Minimizing Shear and Compressive Stress During Pancreaticojejunostomy: Rationale of a New Technical Modification

Author Affiliations
  • 1Department of Surgery, Danbury Hospital Medical Arts Center, Danbury, Connecticut
  • 2currently with the Surgical Endocrine Oncology Branch, National Cancer Institute, Bethesda, Maryland
  • 3Department of Surgery, New York Hospital Queens, Flushing, New York
JAMA Surg. 2014;149(2):203-207. doi:10.1001/jamasurg.2013.2256

The failure of the pancreaticojejunal anastomosis remains an important and potentially lethal postoperative complication after pancreaticoduodenectomy. During the pancreaticojejunostomy, creation of compressive and shear forces during suture placement and knot tying may cause deformation of and cutting through the fragile pancreatic parenchyma. We sought to understand the mechanics of needle-pancreas interaction and make adjustments to our pancreaticojejunostomy technique so that the creation of shear and compressive stress could be minimized. We provide a detailed description, a mathematical model, and analysis of the outcomes of our new technical modifications.
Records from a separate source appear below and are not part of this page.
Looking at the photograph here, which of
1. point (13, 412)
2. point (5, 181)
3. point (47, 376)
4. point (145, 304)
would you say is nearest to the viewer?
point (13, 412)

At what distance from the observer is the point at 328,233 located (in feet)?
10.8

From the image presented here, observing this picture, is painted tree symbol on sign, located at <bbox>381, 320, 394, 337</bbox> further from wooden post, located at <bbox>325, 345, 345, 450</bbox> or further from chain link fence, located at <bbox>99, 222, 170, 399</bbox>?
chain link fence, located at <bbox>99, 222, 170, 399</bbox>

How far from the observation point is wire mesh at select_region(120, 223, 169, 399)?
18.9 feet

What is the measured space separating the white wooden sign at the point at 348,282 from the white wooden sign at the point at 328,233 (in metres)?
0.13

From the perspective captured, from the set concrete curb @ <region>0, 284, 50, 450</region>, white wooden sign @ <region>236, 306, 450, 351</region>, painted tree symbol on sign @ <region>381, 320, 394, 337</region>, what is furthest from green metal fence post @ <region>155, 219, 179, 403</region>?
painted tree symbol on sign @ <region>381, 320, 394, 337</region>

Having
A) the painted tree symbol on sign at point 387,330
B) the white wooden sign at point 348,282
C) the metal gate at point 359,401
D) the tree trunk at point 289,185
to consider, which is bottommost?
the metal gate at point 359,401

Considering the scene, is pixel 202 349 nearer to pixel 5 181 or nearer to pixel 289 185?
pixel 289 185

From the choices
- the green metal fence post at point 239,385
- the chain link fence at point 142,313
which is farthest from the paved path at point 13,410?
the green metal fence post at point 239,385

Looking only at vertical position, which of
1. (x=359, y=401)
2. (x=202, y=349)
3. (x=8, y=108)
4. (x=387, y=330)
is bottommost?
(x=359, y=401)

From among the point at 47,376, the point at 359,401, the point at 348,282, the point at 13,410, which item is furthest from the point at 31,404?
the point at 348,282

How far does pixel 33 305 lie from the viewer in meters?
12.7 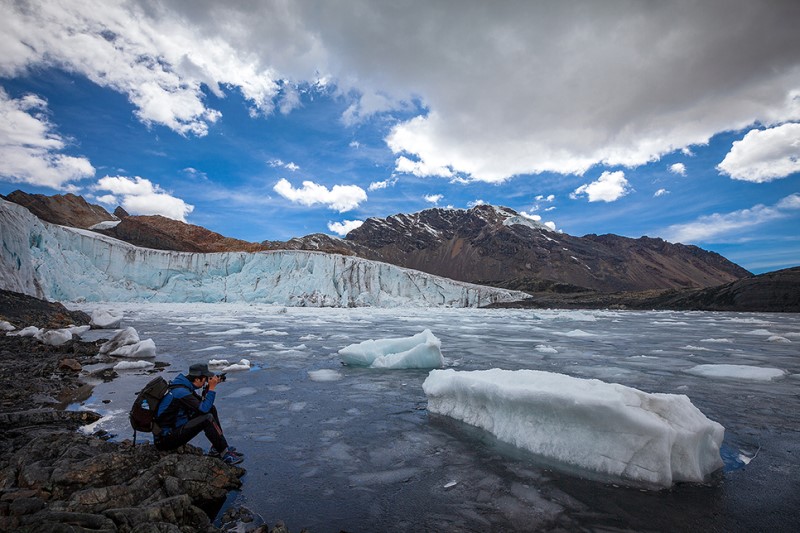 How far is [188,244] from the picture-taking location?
63.7 meters

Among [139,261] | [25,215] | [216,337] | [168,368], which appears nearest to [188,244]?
[139,261]

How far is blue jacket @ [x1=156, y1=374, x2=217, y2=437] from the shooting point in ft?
12.0

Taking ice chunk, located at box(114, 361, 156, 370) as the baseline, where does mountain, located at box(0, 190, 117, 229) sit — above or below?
above

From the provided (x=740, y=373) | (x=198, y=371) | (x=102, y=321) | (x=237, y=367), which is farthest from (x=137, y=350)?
(x=740, y=373)

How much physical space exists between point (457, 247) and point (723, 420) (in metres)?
154

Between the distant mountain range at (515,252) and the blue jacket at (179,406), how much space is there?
3607 inches

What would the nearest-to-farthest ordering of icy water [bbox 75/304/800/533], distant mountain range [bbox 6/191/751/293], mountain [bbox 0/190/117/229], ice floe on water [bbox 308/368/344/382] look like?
icy water [bbox 75/304/800/533] → ice floe on water [bbox 308/368/344/382] → mountain [bbox 0/190/117/229] → distant mountain range [bbox 6/191/751/293]

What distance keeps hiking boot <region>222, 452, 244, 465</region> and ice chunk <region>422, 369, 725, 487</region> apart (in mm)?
2812

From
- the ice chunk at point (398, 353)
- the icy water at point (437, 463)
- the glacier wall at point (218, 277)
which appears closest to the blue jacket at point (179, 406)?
the icy water at point (437, 463)

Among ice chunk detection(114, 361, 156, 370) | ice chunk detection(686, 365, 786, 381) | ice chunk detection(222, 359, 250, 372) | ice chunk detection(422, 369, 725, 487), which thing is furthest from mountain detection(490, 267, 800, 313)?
ice chunk detection(114, 361, 156, 370)

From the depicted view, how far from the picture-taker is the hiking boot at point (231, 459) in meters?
3.79

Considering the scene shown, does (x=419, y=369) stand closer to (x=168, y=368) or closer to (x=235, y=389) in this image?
(x=235, y=389)

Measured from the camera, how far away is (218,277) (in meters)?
44.2

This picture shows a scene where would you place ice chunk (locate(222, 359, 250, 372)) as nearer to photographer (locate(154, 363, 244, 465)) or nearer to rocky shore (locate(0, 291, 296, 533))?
rocky shore (locate(0, 291, 296, 533)) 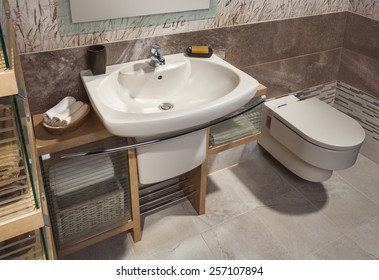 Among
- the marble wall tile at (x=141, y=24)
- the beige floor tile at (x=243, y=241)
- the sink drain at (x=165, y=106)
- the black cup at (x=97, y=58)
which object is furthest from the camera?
the beige floor tile at (x=243, y=241)

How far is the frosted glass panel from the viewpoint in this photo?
150 cm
The failure of the pancreaticojejunal anastomosis (PJF) is one of the most common and feared postoperative complications of pancreaticoduodenectomy.1-3 A number of patient-, disease-, and procedure-related risk factors have been suggested to play roles in PJF.4-8 Nutritional status and obesity have been shown to be important patient-related risk factors. Disease-related factors include the pancreatic duct size, gland texture, and the pathological features of the disease. Associated procedure-related factors include blood loss, operative time, and surgical technique.
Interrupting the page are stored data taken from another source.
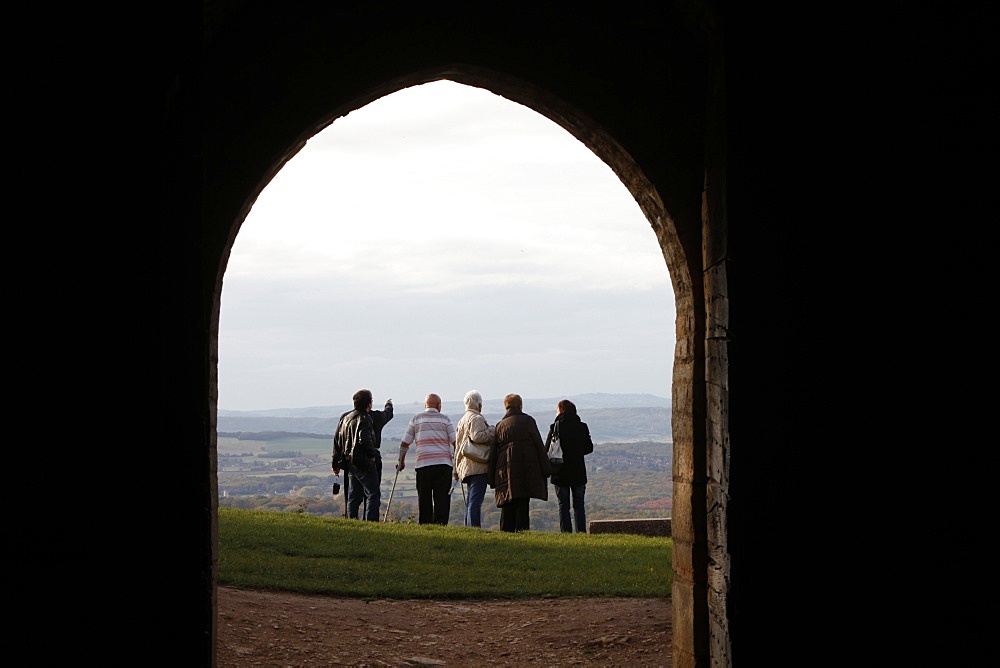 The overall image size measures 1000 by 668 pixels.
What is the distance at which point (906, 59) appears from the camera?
3.92m

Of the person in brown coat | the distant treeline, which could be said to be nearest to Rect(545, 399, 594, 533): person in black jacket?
the person in brown coat

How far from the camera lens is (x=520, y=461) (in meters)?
9.41

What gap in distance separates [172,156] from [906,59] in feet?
8.95

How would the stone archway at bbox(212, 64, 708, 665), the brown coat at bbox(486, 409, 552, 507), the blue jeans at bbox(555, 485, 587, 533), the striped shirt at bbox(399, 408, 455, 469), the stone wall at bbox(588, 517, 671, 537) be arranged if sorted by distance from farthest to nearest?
the stone wall at bbox(588, 517, 671, 537)
the blue jeans at bbox(555, 485, 587, 533)
the striped shirt at bbox(399, 408, 455, 469)
the brown coat at bbox(486, 409, 552, 507)
the stone archway at bbox(212, 64, 708, 665)

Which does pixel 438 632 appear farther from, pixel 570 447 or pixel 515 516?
pixel 570 447

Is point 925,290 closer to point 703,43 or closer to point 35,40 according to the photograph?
point 703,43

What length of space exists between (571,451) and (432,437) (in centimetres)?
135

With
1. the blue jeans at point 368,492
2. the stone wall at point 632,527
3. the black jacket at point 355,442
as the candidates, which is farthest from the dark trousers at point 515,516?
the black jacket at point 355,442

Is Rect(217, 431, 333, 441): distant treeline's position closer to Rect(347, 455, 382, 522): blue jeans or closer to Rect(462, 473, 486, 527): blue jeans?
Rect(347, 455, 382, 522): blue jeans

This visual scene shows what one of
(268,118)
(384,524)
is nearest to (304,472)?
(384,524)

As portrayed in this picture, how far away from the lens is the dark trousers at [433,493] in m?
9.70

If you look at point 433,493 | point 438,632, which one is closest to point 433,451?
point 433,493

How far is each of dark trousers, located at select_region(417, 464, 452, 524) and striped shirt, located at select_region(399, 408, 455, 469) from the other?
0.25 ft

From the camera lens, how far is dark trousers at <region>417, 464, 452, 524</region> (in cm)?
970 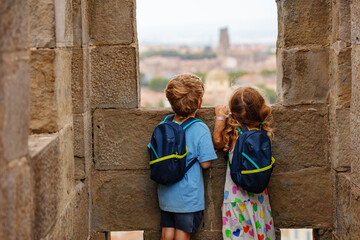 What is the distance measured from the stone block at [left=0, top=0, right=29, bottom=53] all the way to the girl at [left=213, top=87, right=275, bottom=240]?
1.65 m

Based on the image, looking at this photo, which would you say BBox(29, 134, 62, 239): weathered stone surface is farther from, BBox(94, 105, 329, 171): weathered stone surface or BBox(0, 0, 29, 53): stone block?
BBox(94, 105, 329, 171): weathered stone surface

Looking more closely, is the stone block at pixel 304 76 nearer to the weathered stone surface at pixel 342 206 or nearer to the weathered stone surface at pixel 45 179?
the weathered stone surface at pixel 342 206

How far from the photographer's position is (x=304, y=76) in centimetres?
368

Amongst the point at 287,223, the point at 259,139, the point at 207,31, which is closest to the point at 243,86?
the point at 259,139

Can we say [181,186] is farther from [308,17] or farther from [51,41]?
[308,17]

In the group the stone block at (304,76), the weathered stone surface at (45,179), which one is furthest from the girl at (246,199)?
the weathered stone surface at (45,179)

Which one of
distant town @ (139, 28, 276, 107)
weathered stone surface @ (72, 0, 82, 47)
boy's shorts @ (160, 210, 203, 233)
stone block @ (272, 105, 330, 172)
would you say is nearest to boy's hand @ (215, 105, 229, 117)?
stone block @ (272, 105, 330, 172)

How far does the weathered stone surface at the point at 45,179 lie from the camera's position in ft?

Surgeons have been attempting to find reliable reconstruction strategies to lower the risks inherent to PJF for decades. Many techniques of variable complexity and success have been proposed, ranging from simple ligation of the pancreatic stump and occlusion of the duct with biological glue to the creation of a more complex pancreaticoenteric anastomosis, using the jejunum or the stomach for drainage of the pancreatic juice.1,2,9-13 Two approaches for the creation of the pancreaticojejunostomy, the invagination (“dunking”) technique and the “duct-to-mucosa” anastomosis, appear to be the most widely used surgical methods.14 Numerous technical modifications of these methods have been proposed by multiple authors15-17; however, an effective strategy for the prevention of PJF remains to be found. We propose a novel variation of the duct-to-mucosa Blumgart anastomosis technique18 based on our analysis of the elasticity of the pancreas and the mechanics of needle-pancreas interaction.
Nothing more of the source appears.